How to perform equivalence tests in R

Anyone that’s taken an introductory statistics course has learned about hypothesis tests. Hypothesis tests are claims that we make about phenomena. Hypothesis tests allow us to make statements about whether the means or variances of data are equal to a unique value, or whether two groups of data are different.

Hypothesis tests are framed in terms of null and alternative hypotheses. The null hypothesis represents the hypothesis being tested. The null hypothesis is assumed to be true, but your data may provide evidence against it.

The alternative hypothesis represents the hypothesis that may be supported based on your data. Every hypothesis test results in one of two outcomes:

The null hypothesis is rejected (i.e., the data support the alternative)
The null hypothesis is accepted, or we fail to reject the null hypothesis (i.e., the data support the null).

Often more preferable over these “legacy” hypothesis tests, especially when evaluating models, is the use of equivalence tests. In hypothesis tests, the null states no difference between population means. Which from a model validation perspective indicates that the mean of the model outcomes is that same as the observations, or some other model being compared to.

In their 2005 paper, Robinson and Froese describe hypothesis tests as being problematic because “the burden of proof seems to be invested in the wrong side of the hypothesis.” Equivalence tests combat this problem, by “flipping the burden of proof” towards the model. Equivalence tests allow a dissimilarity region based on a specified threshold to generate disagreement between two values. In other words, the “null” hypothesis in an equivalence test assumes the two values are not similar, while the “alternative” indicates the two values are similar.

This post presents an application of equivalence tests comparing two estimates of tree biomass, with the supporting code in R.

Aspen biomass data

Twenty aspen trees from Minnesota, USA are used as example data. On these trees, diameter at breast height ranged from 6.7 to 13.0 inches. We seek to compare predictions of aboveground tree biomass from two different models. The first model makes predictions from the Component Ratio Method (CRM). A set of regional volume equations drive the CRM approach, which are then converted to tree biomass. The second model makes predictions from the National Scale Volume-Biomass Estimators (NSVB), a recently developed set of equations that replaced the CRM equations in estimates provided by the USDA Forest Service.
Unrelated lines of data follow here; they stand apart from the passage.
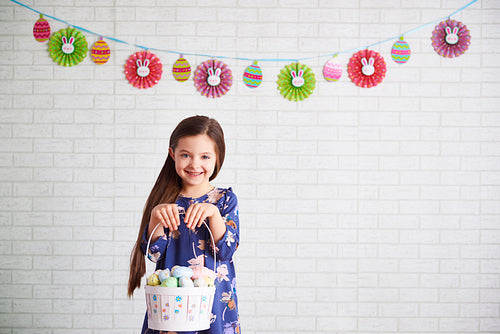 Smiling child holding a basket of easter eggs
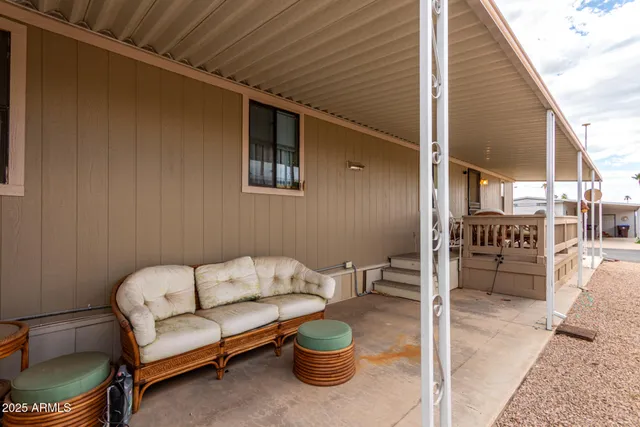 a view of a patio with a dining table and chairs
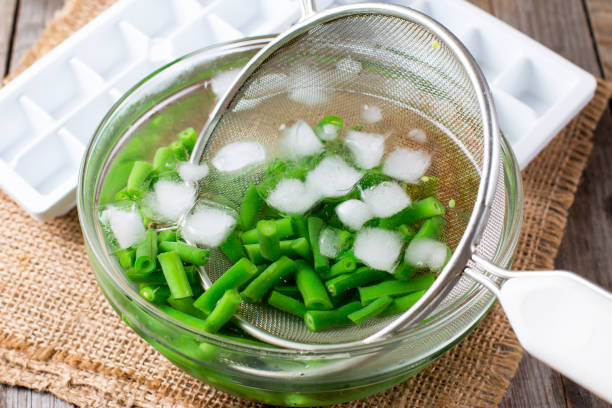 ゆで野菜、ブランチング後氷水で緑色の豆 - 凍っている水 ストックフォトと画像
Here are the 20 aspen trees and their biomass predictions from the two models:

TREEID	DIA (in)	HT (ft)	CRM biomass (lbs)	NSVB biomass (lbs)
1	10.5	50	450.2	540.6
2	10.4	48	448.7	514.6
3	8.5	41	274.8	298.4
4	13.0	58	750.8	950.2
5	11.2	56	522.3	672.7
6	12.0	60	625.1	819.1
7	8.8	43	298.2	332.5
8	8.8	40	302.8	316.0
9	10.1	54	411.4	524.9
10	6.9	38	168.2	180.6
11	8.5	38	274.8	282.9
12	10.5	52	458.9	555.7
13	12.1	65	623.3	882.1
14	6.8	40	162.2	181.4
15	7.7	42	217.2	245.4
16	6.8	44	162.2	194.0
17	12.1	54	623.3	774.4
18	12.1	58	637.2	814.2
19	11.1	48	511.7	592.1
20	6.7	39	156.3	172.7

You’ll see below that the NSVB predictions for these aspen trees are greater than the CRM predictions for each tree. The finding that NSVB biomass predictions are greater than CRM ones was also described when these equations were expanded across the US:

t-test

First, let’s conduct a two-sample t-test using the t.test() function in R. We can specify a two-sided two-sample t-test at a level of significance of \(\alpha = 0.05\) that determines whether or not the two predictions of biomass are equal with the following hypotheses:

The null hypothesis states that the mean of the CRM biomass is equal to the NSVB biomass.
The alternative hypothesis states that the mean of the CRM biomass is not equal to the NSVB biomass.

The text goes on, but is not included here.